GROBOGAN.NEWS Semarang

Antisipasi Puncak Arus Mudik, Gubernur Ganjar Waspadai Pemudik Melintas di Jalur Alternatif

Ilustrasi Gubernur Jawa Tengah, Ganjar Pranowo melakukan pantauan ke sejumlah lokasi penyekatan arus mudik lebaran 2021, Selasa (4/5). Ist

BREBES, GROBOGAN.NEWS-Untuk memastikan pengetatan larangan mudik bisa berjalan lancar, Gubernur Jawa Tengah Ganjar Pranowo melakukan pengecekan di pintu masuk utama Jawa Tengah via darat, yakni exit tol Pejagan dan perbatasan Kecipir, Losari Brebes, Selasa (4/5) lalu.

Saat pengecekan Ganjar didampingi Wakil Bupati, Kapolres, Dandim setempat serta jajaran pemangku kepentingan lainnya.

Ganjar meminta semua petugas baik TNI/Polri dan Pemda bersiap karena diprediksi puncak arus mudik akan terjadi pada malam ini atau besok hari.

Seluruh pintu masuk ke Jawa Tengah, lanjut Ganjar, harus dijaga secara berlapis-lapis untuk mengantisipasi lonjakan pemudik dari luar daerah.

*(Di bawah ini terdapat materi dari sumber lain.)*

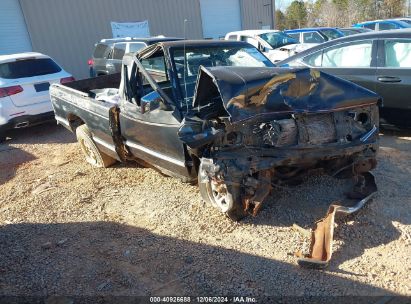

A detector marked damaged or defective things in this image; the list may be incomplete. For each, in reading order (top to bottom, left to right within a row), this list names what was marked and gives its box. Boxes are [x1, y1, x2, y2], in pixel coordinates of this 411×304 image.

wrecked black pickup truck [50, 39, 380, 224]
damaged front end [180, 66, 380, 262]
bent hood [195, 67, 382, 122]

“Saya minta Pemkab mewaspadai dan menjaga jalur tikus, jalur jangkrik bahkan jalur cacing. Nanti kami siapkan dukungan tes antigen agar yang melintas bisa dites,” tegasnya.

Baca Juga :  Gelombang Penularan Covid-19 Kian Terasa Menggema, Gubernur Ganjar Tegaskan Bupati dan Wali Kota di Jateng Tak Ragu Terapkan Lockdown Mikro

Ganjar berharap masyarakat dapat mematuhi imbauan tidak mudik dan mengikuti ketentuan pemerintah agar lebih aman.

Ganjar juga meminta petugas kepolisian mengantisipasi modus-modus masyarakat seperti menggunakan kendaraan plat merah, mobil boks bermuatan barang dan modus lainnya.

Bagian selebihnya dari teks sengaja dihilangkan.